The arguments behind pushing for UNESCO’s ouster do not make any sense. Apparently, Shakya wants the temples, which fall under his electoral constituency, to be rebuilt by Nepalis, without any international involvement. But UNESCO’s expertise in heritage conservation, and its promise to use local craftspersons and masons, completely justifies its involvement. Moreover, blindly putting faith in politicians and the government is not enough to ensure proper conservation and reconstruction.
The temples in question are among the 140 buildings within the World Heritage Sites in the Kathmandu Valley that were damaged during the 2015 earthquake. And even though it has been over four years since the major disaster, the temples, and many others like it, remain in their destroyed and damaged state. As a focal point for the local communities, and as a significant draw for tourists, it is essential that the monuments are built in haste. The need to reconstruct the heritage sites in the valley expeditiously is particularly strong now, since Nepal is attempting to attract large tourist numbers with its Visit Nepal 2020 campaign. Yet, such illogical manoeuvres will most likely further delay the reconstruction schedule. And, as UNESCO country representative Christian Manhart warned, such pressuring is likely to affect donors’ willingness to engage with Nepal in the future.
While it would indeed bring great pride to all Nepalis if the reconstruction process were entirely funded and completed using domestic resources alone, such a move wouldn’t be prudent. Foreign expertise, combined with local practices and knowledge, especially in seismic strengthening and heritage construction, would benefit Nepali monuments in the long run. UNESCO is an organisation that especially carries weight in heritage and preservation matters, and is in a position to attract and consult with the right experts and builders—both local and foreign.

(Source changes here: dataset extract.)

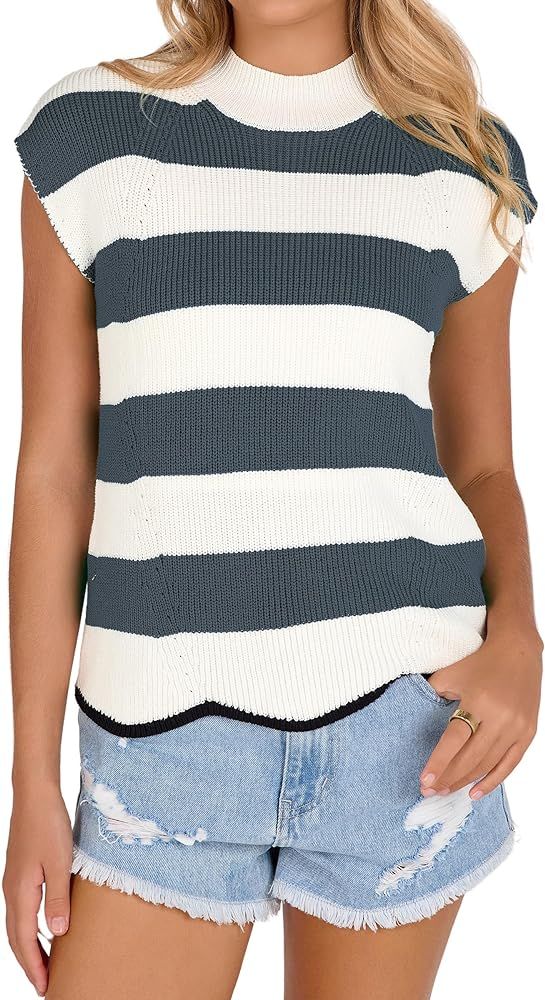 CCTOO Womens Sleeveless Sweater Vest: Summer Casual Mock Neck Cap Sleeve Knit Ribbed Striped Pull... | Amazon (US)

Mayor Bidya Sundar Shakya’s promise to rebuild Rani Pokhari and the Balgopaleshwor Temple with local resources and expertise, only to push through anti-conservation plans and building practices, shows how dangerous it is to leave such sites at the mercy of people who do not care about the heritage and culture aspects. Moreover, the hit to domestic coffers on such projects is large. There is nothing wrong with using donor funding, especially when traditional building practices and local consultations are ensured. The successful restoration and seismic retrofitting of Gaddi Baithak, using US funding and foreign expertise, is a case in point. The Province 3 government has set Rs10 million aside from its own budget to restore the Jagannath and Gopinath temples. Had UNESCO been allowed to continue with the project, which Japan was partially funding, Province 3 could have used that money for something else, like strengthening education or healthcare.